First find the line with "Best Urgent Care", then reproduce it and all following lines of the data to the end, exactly and with no pictures, adding nothing.

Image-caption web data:
++++++++++++++++++++
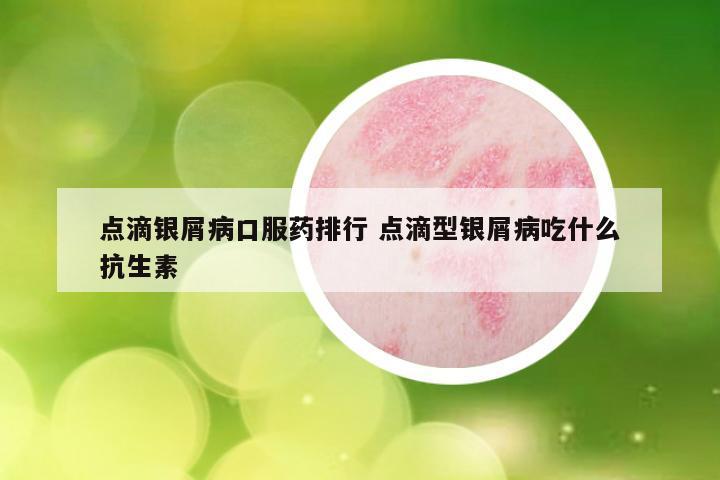 点滴银屑病口服药排行 点滴型银屑病吃什么抗生素
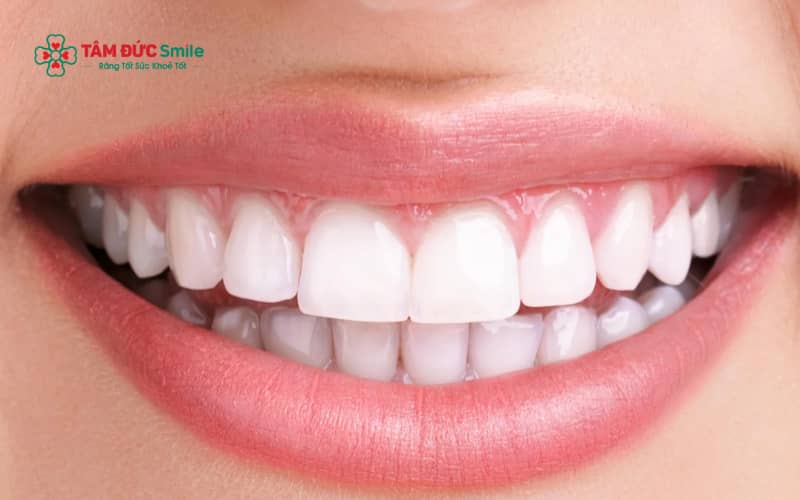 Hiệu quả làm trắng răng trong 5 phút thường chỉ mang tính tạm thời và phụ thuộc vào tình trạng răng cũng như phương pháp áp dụng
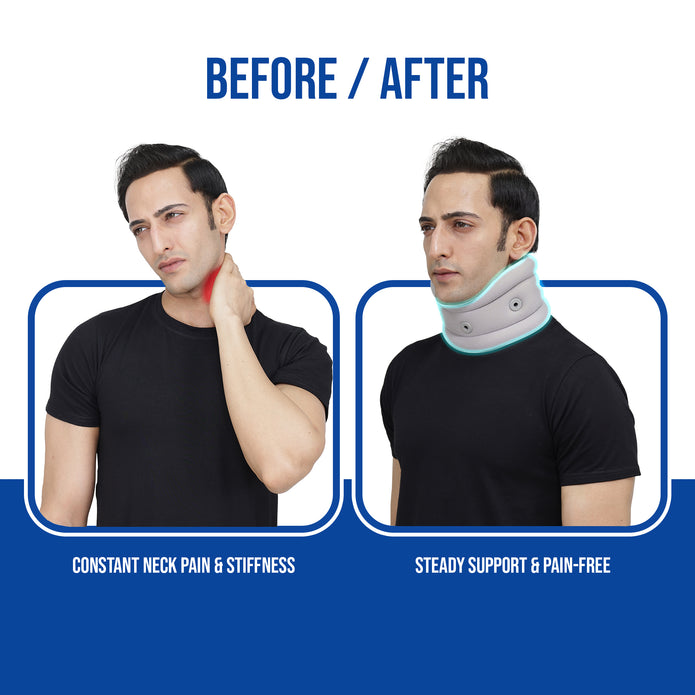 cervical collar before and after use effects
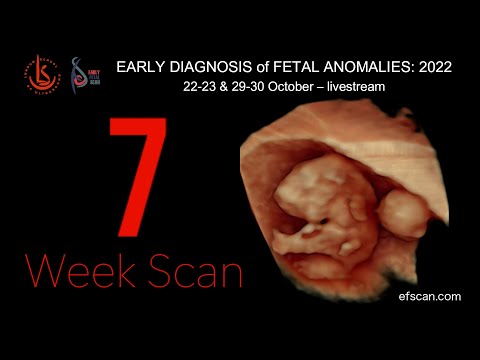 7 Week Scan in Fetal Medicine: Early Fetal Scan Conference 2022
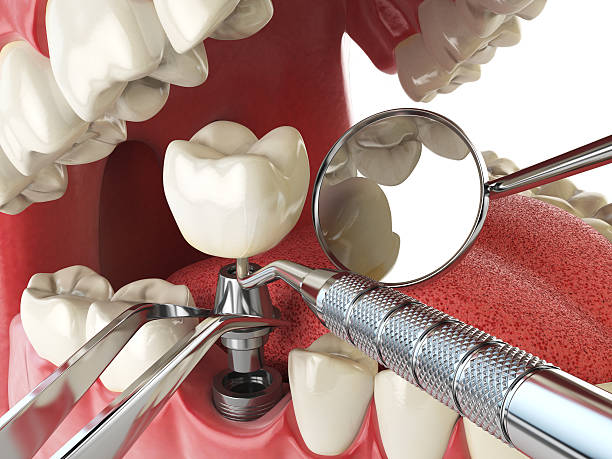 Best Urgent Care for Lost Fillings or Crowns in Salem, SD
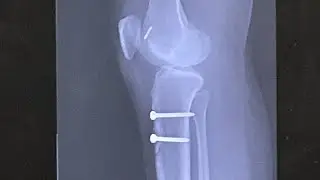 What to expect when you are expecting MPFL reconstruction surgery 😳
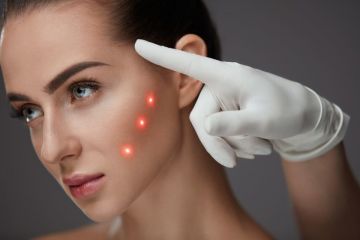Мадина Байрамукова: что нужно знать о лазерных процедурах для лица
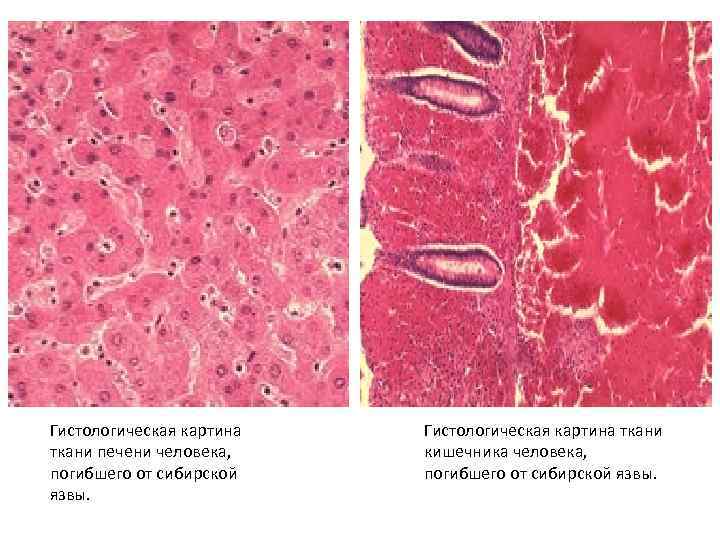 Гистологическая картина ткани печени человека, погибшего от сибирской язвы. Гистологическая картина ткани кишечника человека,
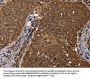 DCP1A Antibody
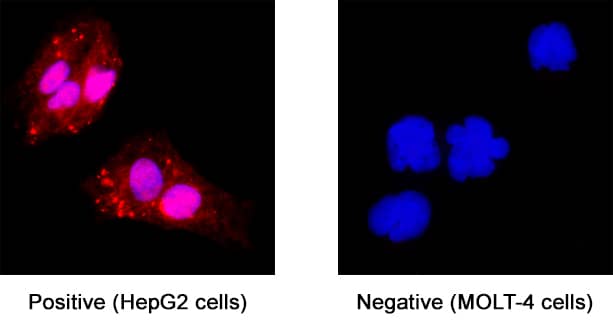Immunocytochemistry GCNF/NR6A1 Antibody [Unconjugated]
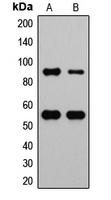 MDM2 Antibody - Western blot analysis of MDM2 (pS166) expression in HEK293T hydroxyurea-treated (A); MCF7 IGF-treated (B) whole cell lysates.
++++++++++++++++++++
OUTPUT OF THE TASK:
 Best Urgent Care for Lost Fillings or Crowns in Salem, SD
 What to expect when you are expecting MPFL reconstruction surgery 😳
Мадина Байрамукова: что нужно знать о лазерных процедурах для лица
 Гистологическая картина ткани печени человека, погибшего от сибирской язвы. Гистологическая картина ткани кишечника человека,
 DCP1A Antibody
Immunocytochemistry GCNF/NR6A1 Antibody [Unconjugated]
 MDM2 Antibody - Western blot analysis of MDM2 (pS166) expression in HEK293T hydroxyurea-treated (A); MCF7 IGF-treated (B) whole cell lysates.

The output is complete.